Why Covid vaccination booster shot schemes will prolong the pandemic

The World Health Organisation has called for a moratorium on booster shots saying we are leaving millions of people without anything to protect them.

As Sajid Javid announces that a UK Covid vaccine booster scheme is likely to start next month, scientists have warned that third shots for people in rich countries will exacerbate health inequalities and increase variants.

The World Health Organisation (WHO) has called for a moratorium on booster shots until the end of September.

Around 87% of people over the age of 16 in the UK have received one dose of the vaccine, and 75% have received both.

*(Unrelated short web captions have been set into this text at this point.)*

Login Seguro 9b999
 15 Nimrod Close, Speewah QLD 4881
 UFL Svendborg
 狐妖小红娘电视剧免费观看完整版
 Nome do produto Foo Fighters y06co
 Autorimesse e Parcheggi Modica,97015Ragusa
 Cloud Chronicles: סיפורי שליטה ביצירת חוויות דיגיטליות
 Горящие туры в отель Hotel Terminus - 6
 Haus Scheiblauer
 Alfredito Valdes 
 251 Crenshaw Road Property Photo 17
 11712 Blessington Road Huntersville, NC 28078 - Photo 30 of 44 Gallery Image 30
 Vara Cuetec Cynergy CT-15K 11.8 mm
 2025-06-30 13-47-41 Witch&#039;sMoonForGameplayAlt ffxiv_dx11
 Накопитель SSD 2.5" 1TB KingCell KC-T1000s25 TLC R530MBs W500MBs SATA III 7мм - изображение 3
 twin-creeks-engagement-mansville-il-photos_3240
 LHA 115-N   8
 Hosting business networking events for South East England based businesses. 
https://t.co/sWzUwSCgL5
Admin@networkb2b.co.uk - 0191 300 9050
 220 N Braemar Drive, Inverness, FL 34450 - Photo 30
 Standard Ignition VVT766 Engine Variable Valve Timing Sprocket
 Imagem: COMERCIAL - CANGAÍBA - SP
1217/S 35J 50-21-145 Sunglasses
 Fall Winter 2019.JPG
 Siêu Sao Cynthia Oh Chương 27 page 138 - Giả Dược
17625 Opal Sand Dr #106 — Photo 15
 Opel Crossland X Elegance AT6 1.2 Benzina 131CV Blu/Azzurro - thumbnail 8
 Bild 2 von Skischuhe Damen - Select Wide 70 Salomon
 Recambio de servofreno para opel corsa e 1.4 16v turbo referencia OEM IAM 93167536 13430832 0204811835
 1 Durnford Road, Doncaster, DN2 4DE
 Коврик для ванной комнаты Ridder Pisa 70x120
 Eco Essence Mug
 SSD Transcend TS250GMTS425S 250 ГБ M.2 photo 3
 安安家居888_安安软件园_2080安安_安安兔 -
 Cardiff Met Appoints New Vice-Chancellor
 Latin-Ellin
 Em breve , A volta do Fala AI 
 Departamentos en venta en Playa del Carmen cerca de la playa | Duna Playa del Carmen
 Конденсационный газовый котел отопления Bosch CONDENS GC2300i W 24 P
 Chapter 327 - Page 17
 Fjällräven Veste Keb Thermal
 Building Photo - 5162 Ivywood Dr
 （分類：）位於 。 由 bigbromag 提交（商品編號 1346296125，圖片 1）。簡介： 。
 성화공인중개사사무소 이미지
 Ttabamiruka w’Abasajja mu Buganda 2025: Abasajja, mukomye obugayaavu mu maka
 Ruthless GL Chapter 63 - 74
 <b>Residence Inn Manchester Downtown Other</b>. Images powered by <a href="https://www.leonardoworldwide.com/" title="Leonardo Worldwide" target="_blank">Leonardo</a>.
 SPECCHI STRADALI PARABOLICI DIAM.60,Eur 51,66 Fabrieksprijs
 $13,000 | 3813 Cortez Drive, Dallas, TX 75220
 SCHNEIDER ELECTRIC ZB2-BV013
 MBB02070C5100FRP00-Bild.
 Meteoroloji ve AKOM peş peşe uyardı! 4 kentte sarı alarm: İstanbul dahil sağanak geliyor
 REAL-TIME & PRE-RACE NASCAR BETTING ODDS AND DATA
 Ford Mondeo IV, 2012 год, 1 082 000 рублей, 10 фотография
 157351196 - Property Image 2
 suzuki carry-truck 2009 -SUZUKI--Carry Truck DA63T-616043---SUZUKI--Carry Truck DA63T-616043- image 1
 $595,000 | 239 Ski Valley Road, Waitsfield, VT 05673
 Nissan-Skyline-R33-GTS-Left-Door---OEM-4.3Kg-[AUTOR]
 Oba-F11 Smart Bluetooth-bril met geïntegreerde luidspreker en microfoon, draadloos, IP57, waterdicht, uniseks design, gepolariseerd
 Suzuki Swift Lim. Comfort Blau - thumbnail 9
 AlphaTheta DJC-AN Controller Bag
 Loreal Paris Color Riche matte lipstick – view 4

Only 1.3% of people of all ages in low-income countries have received at least one dose. This is due to a lack of supply.

Dr Mike Ryan, the director of the WHO’s health emergency programme, said: “We’re planning to hand out extra life jackets to people who already have life jackets, while we’re leaving other people to drown without a single life jacket. 

“The fundamental, ethical reality is we’re handing out second life jackets while leaving millions and millions of people without anything to protect them.”

The WHO have said there is not enough evidence to support a booster shot.

In a statement, they said: “The rationale for implementing booster doses should be guided by evidence on waning vaccine effectiveness, in particular a decline in protection against severe disease in the general population or in high risk populations, or due to a circulating VOC. 

“To date, the evidence remains limited and inconclusive on any widespread need for booster doses following a primary vaccination series. WHO is carefully monitoring the situation and will continue to work closely with countries to obtain the data required for policy recommendations.”

Scientists also warned that booster shot schemes would prolong the pandemic.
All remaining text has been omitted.